LA PAPOLATRIA SECONDO ANGELO BECCIU? MULTIFORME

LA PAPOLATRIA SECONDO ANGELO BECCIU? MULTIFORME – di GIUSEPPE RUSCONI – www.rossoporpora.org – 19 giugno 2017

 

Presentato lunedì 19 giugno nella Biblioteca del Senato “Francesco, il papa americano”, un volume della UTET ‘Grandi Opere’: introdotto da Giovanni Maria Vian, è scritto da Silvina Perez e Lucetta Scaraffia e illustrato dal noto artista Giuliano Vangi. All’ampio e interessante intervento dell’arcivescovo Angelo Becciu hanno fatto seguito le considerazioni di Luciano Violante (già presidente della Camera dei deputati) e di Luigi Zanda (capogruppo del Pd al Senato, molto amato dal catto-fluido ‘Avvenire’).

In questi giorni di argomenti su cui esercitare la riflessione non ne mancano proprio: dalle nomine dei membri della Pontificia accademia per la Vita (che testimoniano – a dispetto dell’intervento dei mazzarini di turno in funzione di pompieri – di uno sbriciolarsi catto-fluido di un altro valore non negoziabile come quello della difesa della vita dal concepimento alla sua fine naturale) al tristissimo caso, purtroppo tremendamente emblematico di una deriva statuale di tipo eugenetico, sviluppatosi attorno al piccolo Charlie Gard, un bambino inglese di dieci mesi affetto da una malattia genetica molto rara (i medici hanno deciso di eliminarlo, contro la volontà dei genitori; si è in attesa dell’imminente sentenza della Corte europea dei diritti dell’uomo).

Sarebbe anche utile riflettere sulla manifestazione di diverse associazioni legate al ‘Family Day’ che sabato 17 giugno, con un caldo torrido, ha radunato centinaia di famiglie – indignate contro il persistente e crescente diffondersi nelle scuole pubbliche dell’imposizione della famigerata ideologia gender - davanti al Ministero dell’Istruzione, della Ricerca e dell’Università. O anche ragionare sulla “gazzarra mediatica ignobile” scatenata da ‘Avvenire’ e dal suo nume tutelare Galantino in difesa di una legge sullo ius soli e sullo ‘ius culturae’  la cui discussione dovrebbe essere invece condotta “in modo molto serio” e non con procedure parlamentari golpistiche che de facto la impediscono. Purtroppo il segretario generale della Cei sta esacerbando gli animi di non pochi cattolici, che si trovano a condividere battaglie della ‘parte sbagliata’ e che potrebbero essere tentati dal negare quest’anno alla Chiesa l’8 per mille personale. C’è chi dice che Nunzio Galantino ha un brutto carattere, è fumantino e tutte queste sue continue intemperanze dovrebbero convincere chi di dovere a mandarlo a frequentare il primo anno della Pontificia Accademia ecclesiastica (quella che forma i diplomatici vaticani).
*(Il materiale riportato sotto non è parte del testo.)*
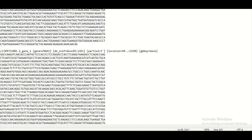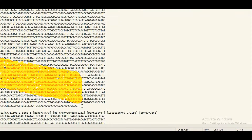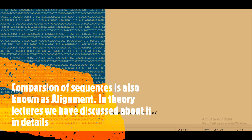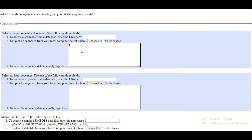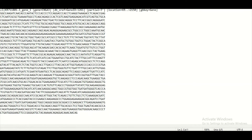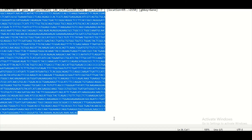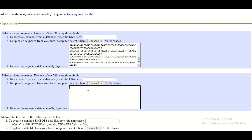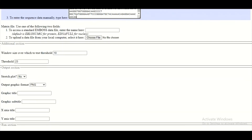Let's assume that these are the two sequences which we want to compare with one another, or in technical words, we want to align with one another. So what we will do is copy this first sequence and paste it here in this box, and the same thing we are going to do for the second sequence — we will copy it and paste it into the box, then we will fill up the rest of the other information.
Veniamo allora alla presentazione del volume “Francesco, papa americano”: per chi c’era nella ‘Sala Giovanni Spadolini’ della Biblioteca del Senato è stata un’ora e mezzo assai interessante. Al tavolo dei relatori il presidente della UTET Grandi Opere Marco Castelluzzo (che ha porto un sostanzioso benvenuto), il Sostituto Segretario di Stato Angelo Becciu, il presidente emerito della Camera dei deputati Luciano Violante, il capogruppo piddino al Senato Luigi Zanda. In prima fila - assente per cause di forza maggiore l’artista Giuliano Vangi - oltre al cardinale Raffaele Farina e a Gianni Letta, le autrici Silvina Perez e Lucetta Scaraffia e il direttore de ‘L’Osservatore Romano’ Giovanni Maria Vian (che ha redatto l’introduzione al volume).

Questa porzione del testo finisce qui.